J’ai souvent rencontré à Mons, pendant des années, une femme qui marchait complètement pliée. Et quand je dis pliée, ce n’est pas voûtée, mais cassée en deux comme un fétu de paille après le passage d’un troupeau au galop. Mettez les pieds par terre et le buste allongé sur la table; telle était la position de marche de cette dame.


Mais que voyait-elle en marchant?

Ses pieds, les pieds des passants.

Les roues des vélos, des voitures.

Les éclaboussures de la circulation qui retombaient sur le trottoir et sur ses propres pieds.

Elle voyait les papiers, les restes d’un sandwich écrasé, les mégots, les crachats.

Les canettes de différentes boissons, les crottes de chiens, les passages pour piétons, les vomissures d’étudiants en guindaille.

Elle voyait, en bref, l’univers des bas-fonds.

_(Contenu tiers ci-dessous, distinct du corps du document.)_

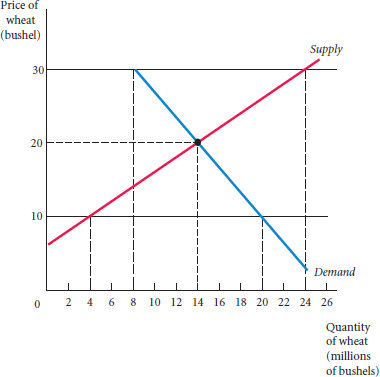 Solved The Following Graph Represents The Market For Wheat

Et que ne voyait-elle pas?

Le numéro des bus qu’elle ne pouvait donc prendre.

Le ciel bleu les jours de beau temps, les levers et couchers de soleil, le ciel rouge de ces levers ou couchers.

Le visage des gens, sauf parfois celui d’un tout petit enfant.

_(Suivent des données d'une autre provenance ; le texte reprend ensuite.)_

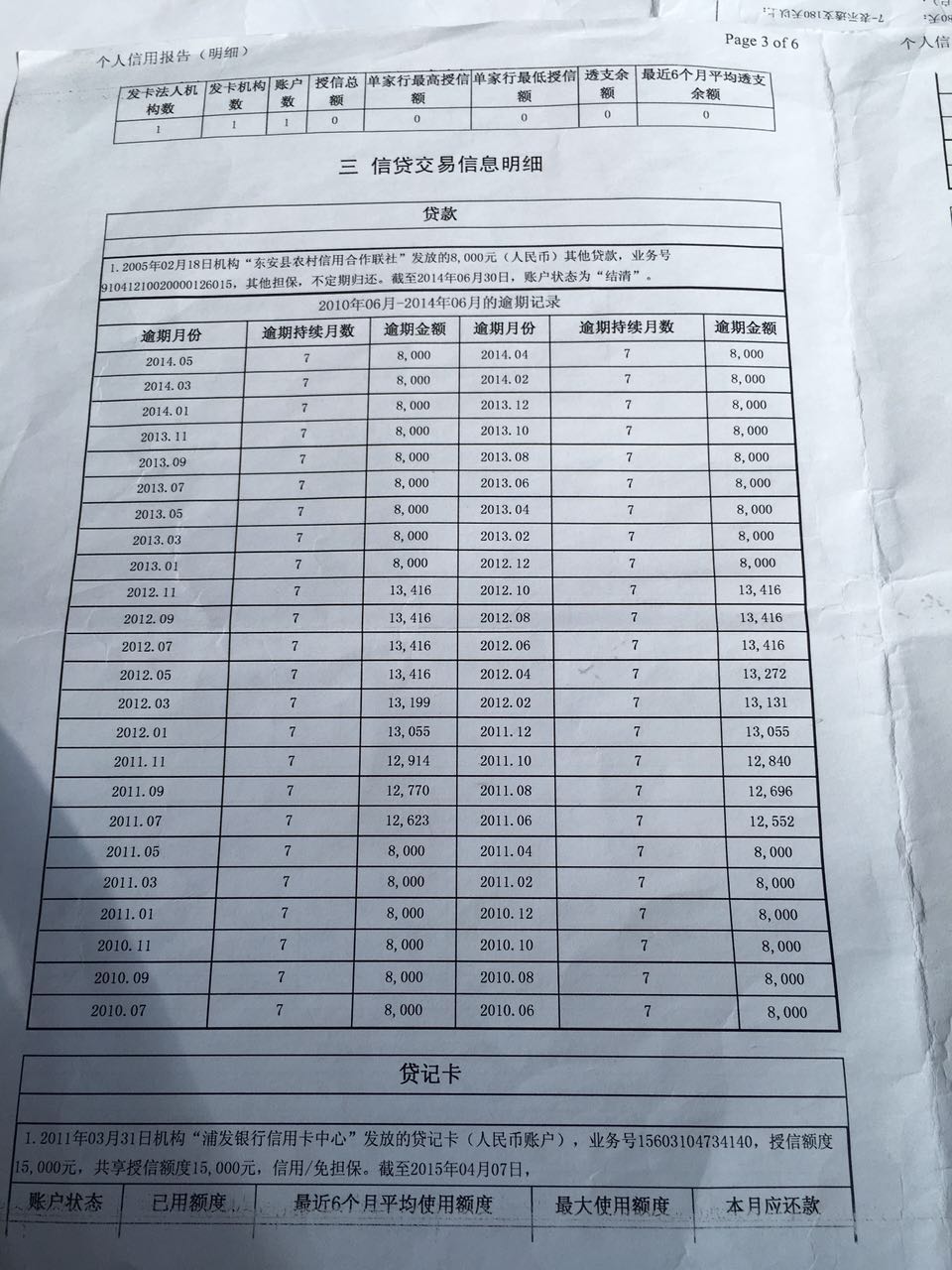 东安县农村信用合作联社盗用他人个人信息贷款产生逾期 投诉直通车_湘问投诉直通车_华声在线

Le sourire de certaines personnes tout en devinant le regard moqueur de certains.

Les vitrines des magasins, les illuminations de Noël.

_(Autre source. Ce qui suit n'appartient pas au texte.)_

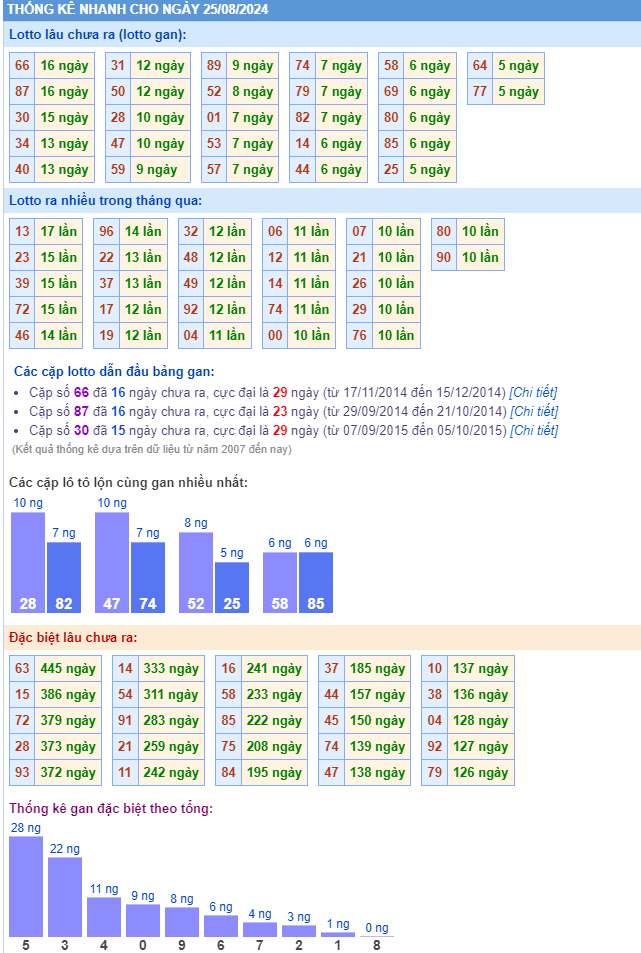 Thống kê kết quả xsmb ngày 25-08-2024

Le bonheur d’une famille qui va au cinéma.

Les oeuvres des artistes, architectes, tailleurs, peintres.

Le bonheur d’amoureux qui s’embrassent, une belle fille, un beau mec.


Puisqu’elle ne pouvait voir en haut, je clamais en l’approchant un vibrant «Bonjour Madame» auquel elle me répondait «Merci Monsieur». Quelle ne fut pas ma surprise un jour où je m’approchais d’elle, de l’entendre me dire avant que je n’ouvre la bouche: «Bonjour Monsieur». Elle avait reconnu mes chaussures puisque, depuis mon accident, je porte toujours les mêmes. C’était la première fois qu’on me reconnaissait par mes pieds. Et ce fut un voyage à deux. 

Histoire banale? Non, un vécu. Mon vécu, son vécu. 


Et ce vécu j’ai l’impression qu’aujourd’hui nous le vivons tous et toutes.

Ne levez pas la tête, travaillez; on se fout de vous, c’est le rendement qui compte. Tout nous y pousse, médias, certaines politiques «toujours plus riches, de plus en plus pauvres», les affaires, les banques, la production, la consommation qui devient «consummation». Et nous marchons notre vie la tête basse, ne voyant que le laid.

Prenons-nous encore le temps pour admirer ceux que nous aimons, nos amis?

Ne soyons pas esclaves, levons la tête, regardons la beauté du ciel, des moissons, de nos amitiés, des herbes folles, de nos enfants, de nos chef-d’oeuvres.

Vivons debout, les pieds sur terre et le regard dans le ciel car il est beau et plein d’espérance.


C’est ainsi que nous construirons un monde meilleur en unissant l’or et le noir.


Pierre Rombeau, membre du Groupe acg-art.